来るべき二〜三年というようなパブロの切迫した問題設定は、事実とはならなかった。世界資本主義は世界大戦を回避しながら、経済上昇の長い時代に入っていった。こうしたなかでマンデルは、加入活動を全般的な組織戦術として再度定式化した。
「一、大衆的革命党の創造は広汎な勤労大衆の急進化なくしては不可能である。
二、……この急進化は、その第一局面においては、伝統的大衆党への労働者の流入とこれら諸党の労働者党員の重要な部分の急進化によって表現されるであろう。

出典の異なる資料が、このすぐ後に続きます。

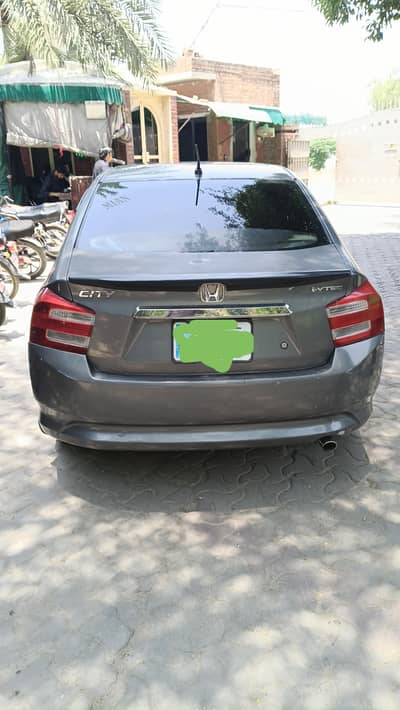 Honda City 2009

三、この急進化の基盤に立って強力な左翼がこれら諸党の内部に結成されるし、それは大衆の目には予備指導部としての真の役割をはたすであろう。この左翼は伝統的指導部とあすの大衆的マルクス主義政党とのあいだにわたされたカケハシとなるだろう。」(IEC二十回総会)
マンデルはこう定式化することによって、加入戦術を、一般的な組織戦術に高めた。パブロの「来るべき対決」の展望はくずれたとはいえ、加入活動の戦術は、第四インターナショナルの基本的組織戦術として六〇年代後半の急進的青年運動の爆発の時期まで受けつかれていくのである。
これにたいしてキャノン派は、加入戦術一般には反対しないが、その基礎にすえられている「スターリニスト党と革命的大衆」の関係のとらえ方が、修正主義的であるとして猛烈に反対した。キャノン派によれば、こうしたとらえ方はトロツキストの原則の放棄、武装解除につながるのである。したかってキャノン派の加入戦術にたいする理解は、あくまでも一時的で部分的なものでなければならず、スターリニスト党の「可能性」に立脚したり、主体性を喪失した「全面加入」であったりしてはならないのである。
ICPの太田竜は、パブロ―マンデルの方針を忠実に実行すべきだという立場に立った。
「第四インターナショナル日本支部は、社会党左派とその周辺、及び共産党の戦闘的労働者・学生の中に見られる革命路線への多分に自然発生的な潮流を意識的に指導し、その中に計画的にボルシェビズムを注入し、この潮流を強化し、意識化することを当面の任務とする。この目的のために支部は独立の組織をあくまで維持しながら、比較的長期に亘って既存の労働者諸党すなわち社会党及び共産党の内部で活動することにその主たる努力を向ける。」(日本革命のテーゼ)
ここでは社・共両党としてのべられているものの、共産党内活動はエピソード的にしか展開されず(「鉄の戦線」の活動)、太田は全力をあげて、社会党加入活動を早くから推進しようとした。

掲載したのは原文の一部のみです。